### Dataset excerpts
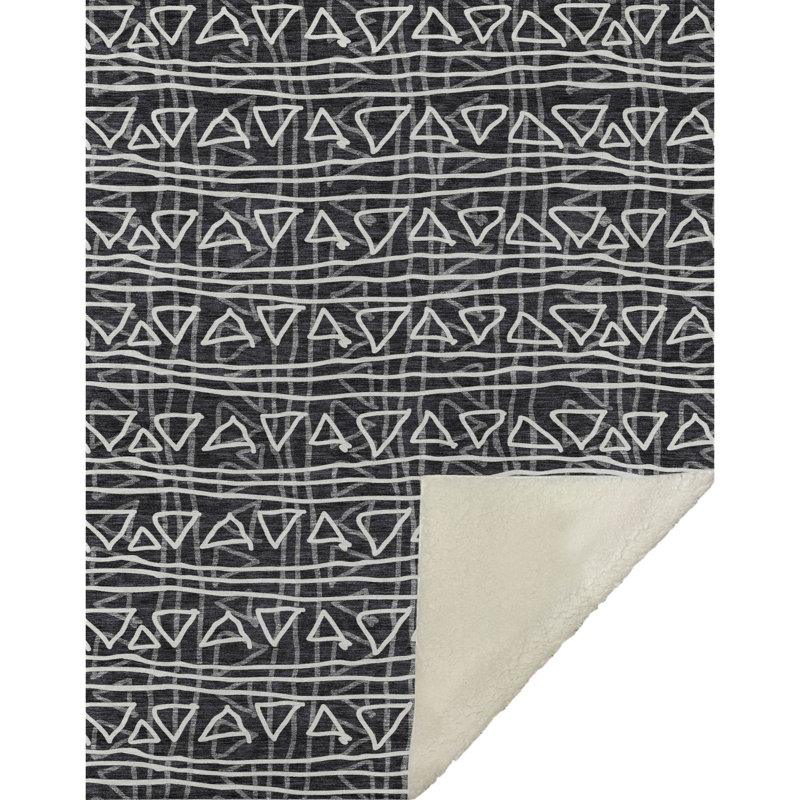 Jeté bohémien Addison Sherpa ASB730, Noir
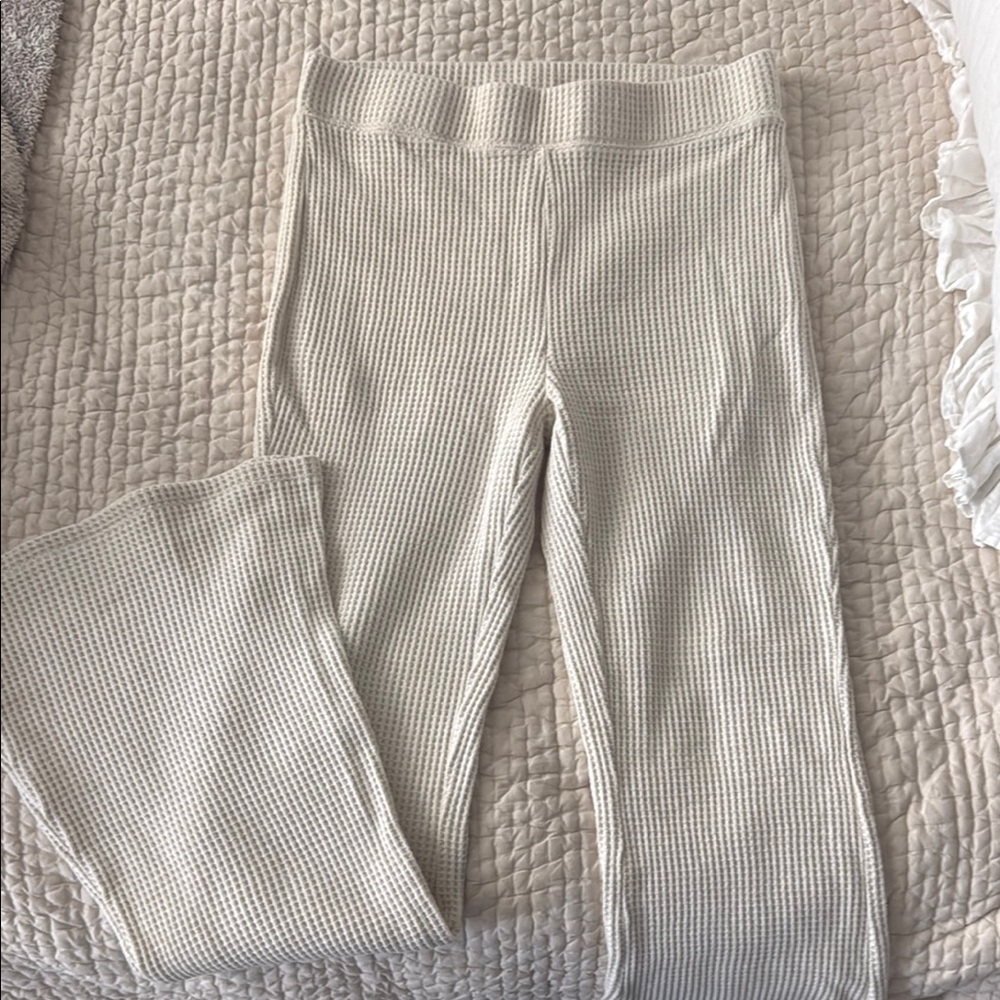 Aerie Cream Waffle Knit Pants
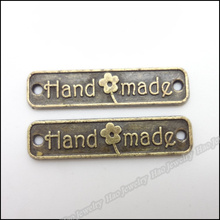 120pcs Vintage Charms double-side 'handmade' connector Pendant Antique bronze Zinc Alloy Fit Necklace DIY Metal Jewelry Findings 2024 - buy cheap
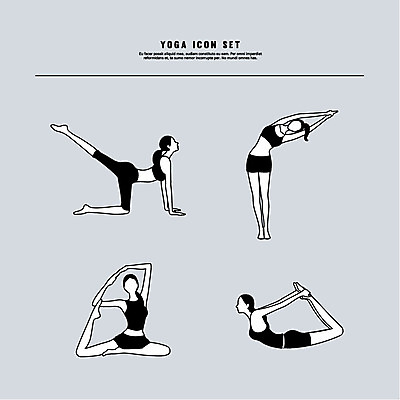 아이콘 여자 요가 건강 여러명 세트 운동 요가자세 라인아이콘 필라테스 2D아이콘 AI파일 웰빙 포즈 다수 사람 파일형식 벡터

==

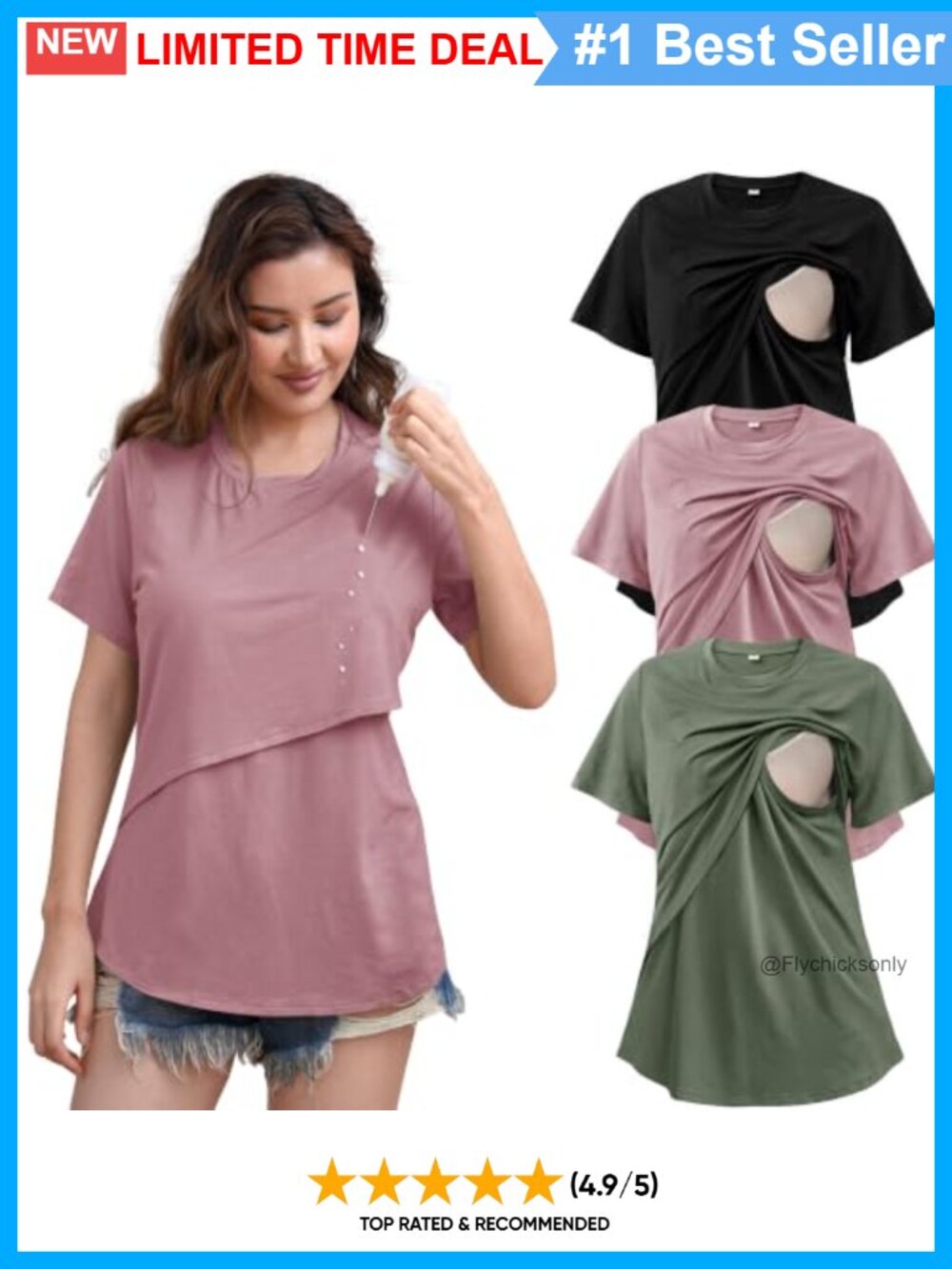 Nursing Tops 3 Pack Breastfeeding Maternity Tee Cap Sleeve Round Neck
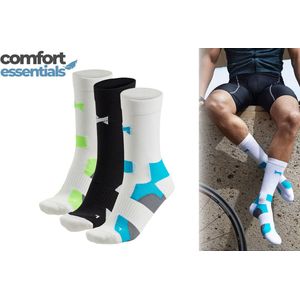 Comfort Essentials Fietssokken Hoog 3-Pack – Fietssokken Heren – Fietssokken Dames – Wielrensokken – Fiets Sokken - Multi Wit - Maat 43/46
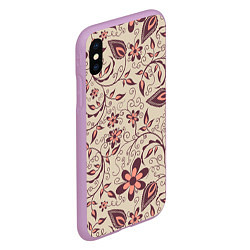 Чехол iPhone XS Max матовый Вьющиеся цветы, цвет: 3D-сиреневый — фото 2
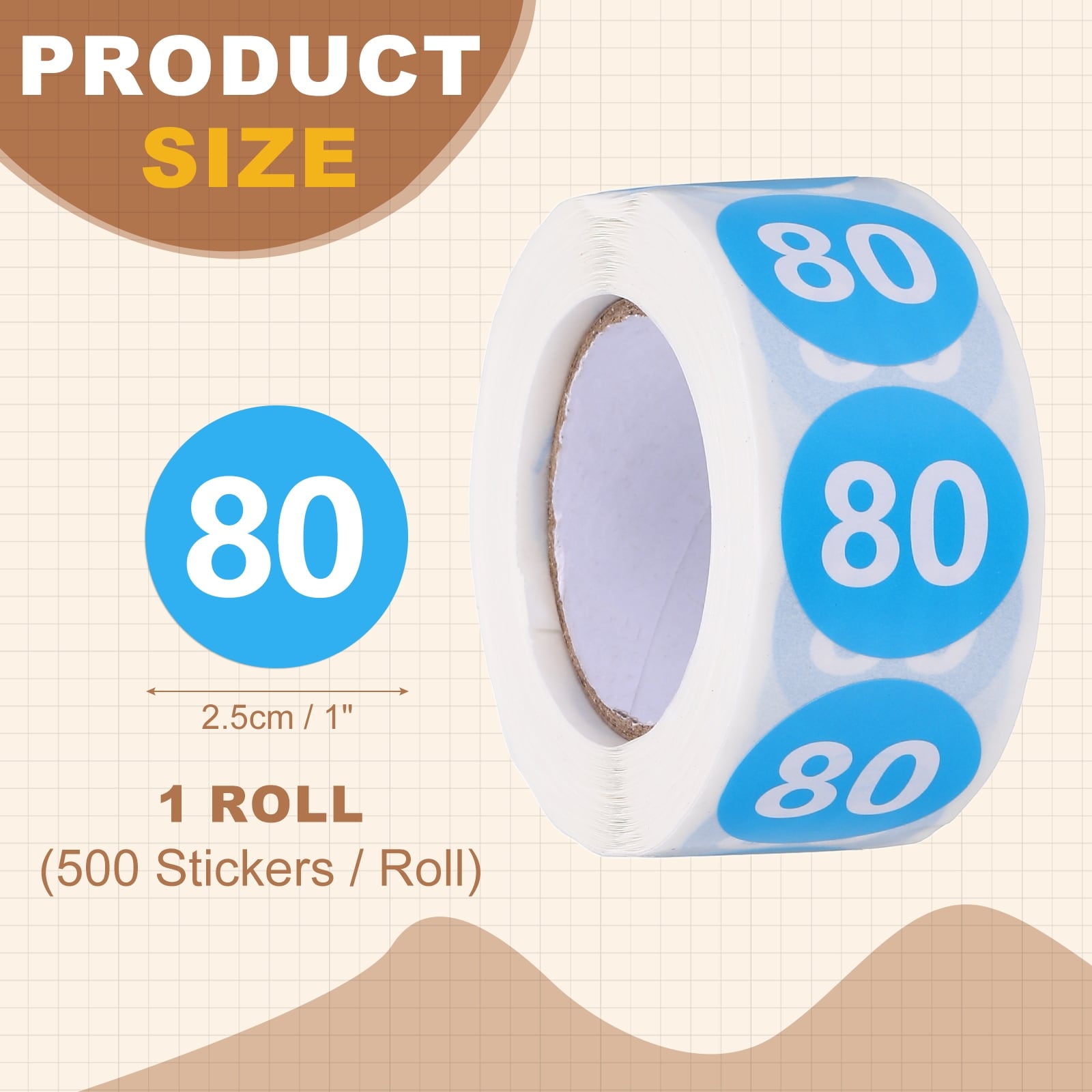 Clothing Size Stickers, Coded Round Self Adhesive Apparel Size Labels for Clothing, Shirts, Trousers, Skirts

### Aim of the task
Set the pictures aside and transcribe exactly the stretch of lines above, beginning with the one holding "Jeté bohémien Addison Sherpa ASB730, Noir" and ending with the one holding "아이콘 여자 요가 건강".

### Result below
 Jeté bohémien Addison Sherpa ASB730, Noir
 Aerie Cream Waffle Knit Pants
 120pcs Vintage Charms double-side 'handmade' connector Pendant Antique bronze Zinc Alloy Fit Necklace DIY Metal Jewelry Findings 2024 - buy cheap
 아이콘 여자 요가 건강 여러명 세트 운동 요가자세 라인아이콘 필라테스 2D아이콘 AI파일 웰빙 포즈 다수 사람 파일형식 벡터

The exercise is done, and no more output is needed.